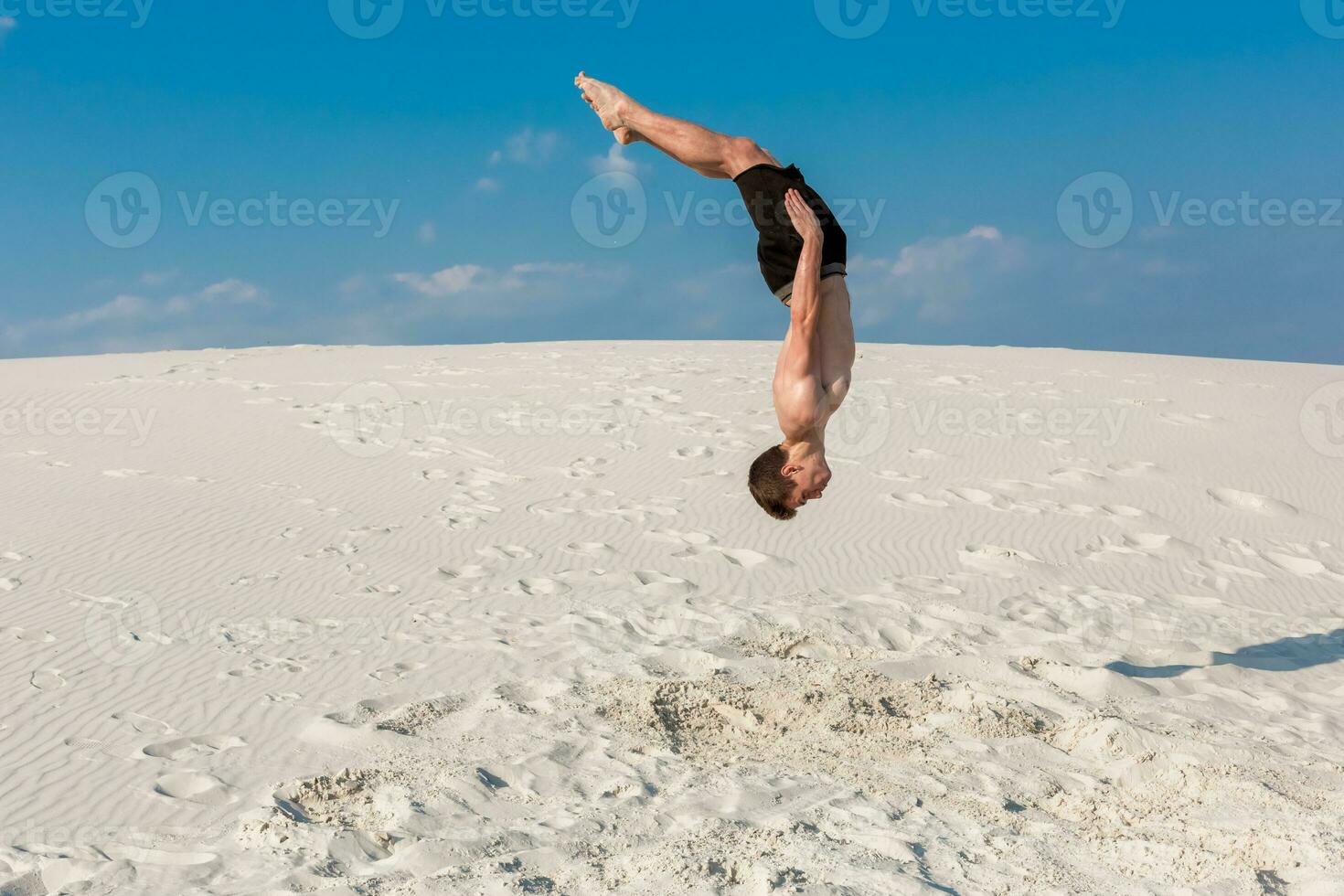 Portrait of young parkour man doing flip or somersault on the sand. photo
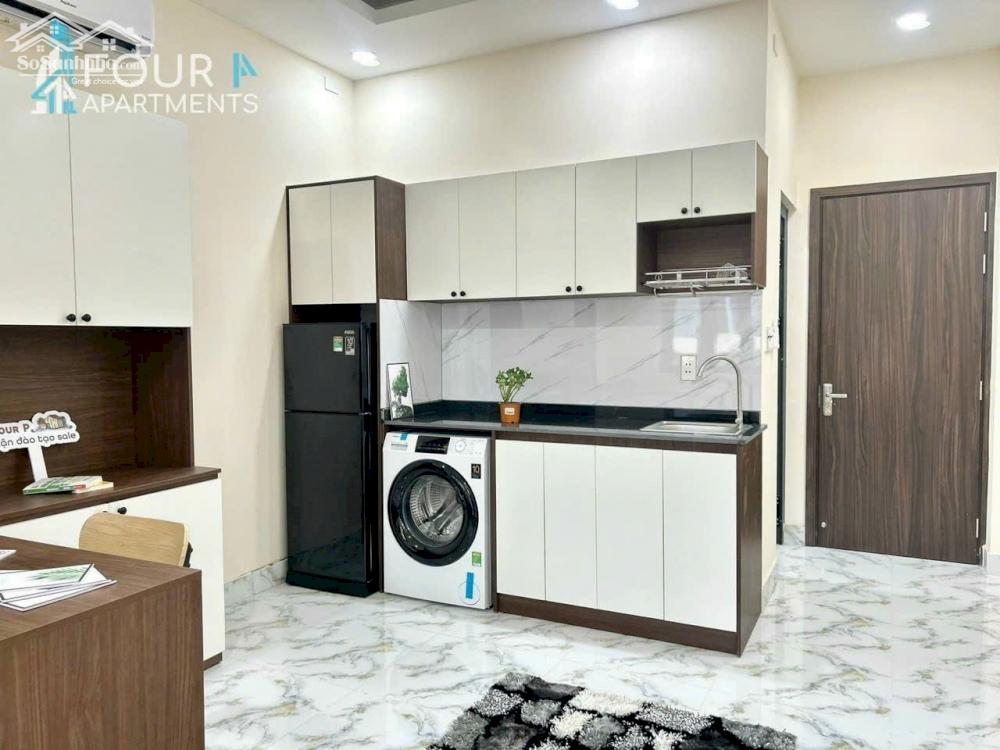 Căn hộ ban công full nội thất, máy giặt riêng, bếp rộng xa giường gần vòng xoay Hàng Xanh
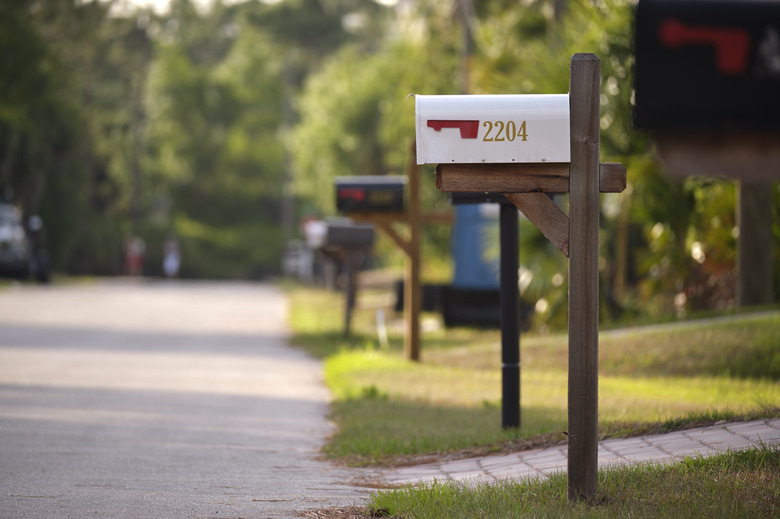 Typical american outdoors mail box on suburban street side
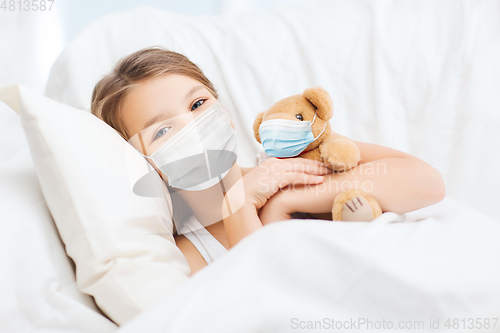 Image of girl wearing medical mask with teddy bear in bed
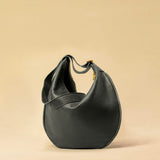 The Saddle Bag IVY by LABEL17 is crafted from supple, vegetable-tanned nappa leather and defined by its distinctive hand-stitched side seams. Its softly curved saddle silhouette rests comfortably against the body. The bag features a zip closure, a leather-lined interior, and a secure inner pocket. The adjustable strap allows it to be worn over the shoulder or crossbody – a versatile piece for everyday use. Handmade in Morocco.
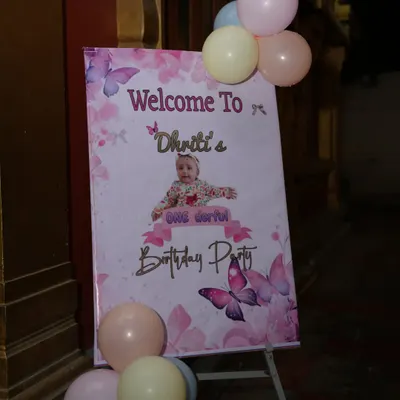 A personalized welcome board for a butterfly-themed first birthday party. This is a beautiful way to greet your guests and introduce the theme.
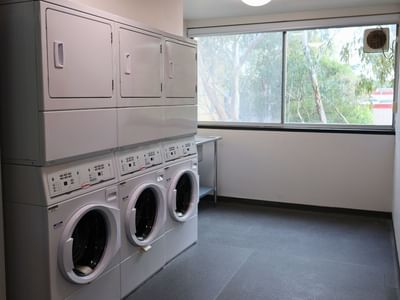 Multiple washers and dryers lined up in a laundry room at La Trobe University – Menzies College.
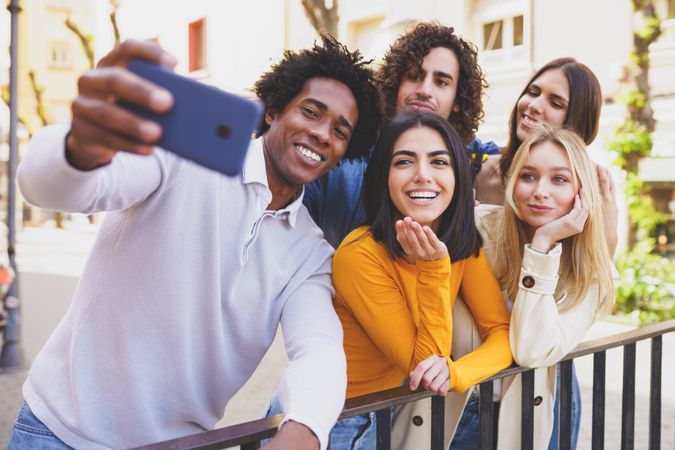 Black man holding camera taking selfie with his group of friends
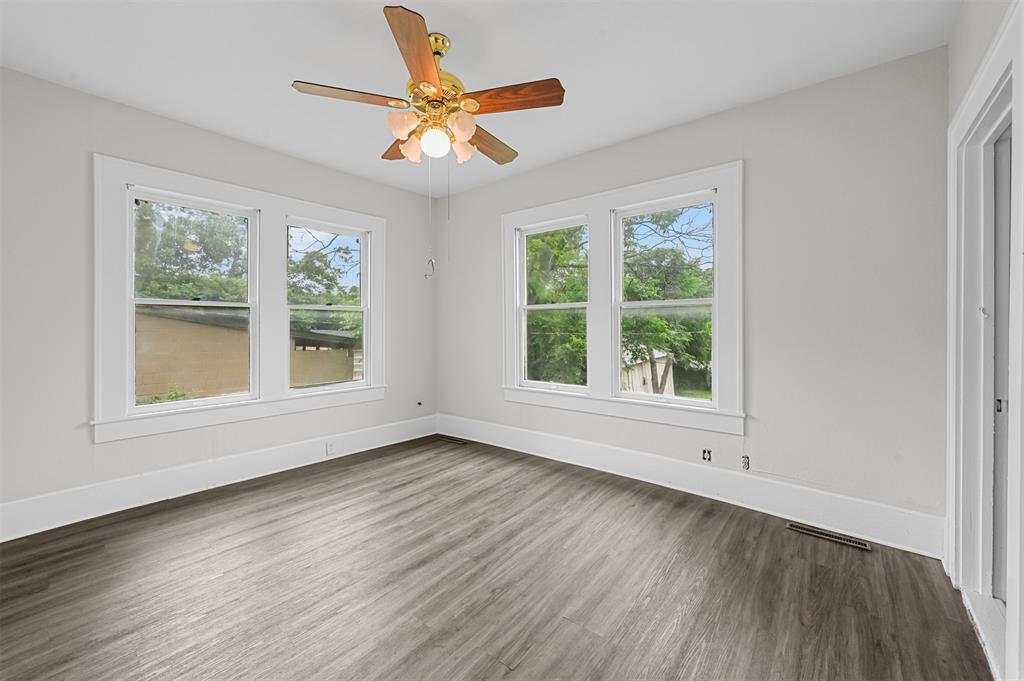 520 Brooks Avenue Dallas, TX 75208 - Photo 15 of 22 a view of an empty room with wooden floor and a window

== == ==

> **Task directions**: Return the material verbatim; the images are not to appear in the copy.

> **Exercise answer**:
 Portrait of young parkour man doing flip or somersault on the sand. photo
 Căn hộ ban công full nội thất, máy giặt riêng, bếp rộng xa giường gần vòng xoay Hàng Xanh
 Typical american outdoors mail box on suburban street side
 Image of girl wearing medical mask with teddy bear in bed
 The Saddle Bag IVY by LABEL17 is crafted from supple, vegetable-tanned nappa leather and defined by its distinctive hand-stitched side seams. Its softly curved saddle silhouette rests comfortably against the body. The bag features a zip closure, a leather-lined interior, and a secure inner pocket. The adjustable strap allows it to be worn over the shoulder or crossbody – a versatile piece for everyday use. Handmade in Morocco.
 A personalized welcome board for a butterfly-themed first birthday party. This is a beautiful way to greet your guests and introduce the theme.
 Multiple washers and dryers lined up in a laundry room at La Trobe University – Menzies College.
 Black man holding camera taking selfie with his group of friends
 520 Brooks Avenue Dallas, TX 75208 - Photo 15 of 22 a view of an empty room with wooden floor and a window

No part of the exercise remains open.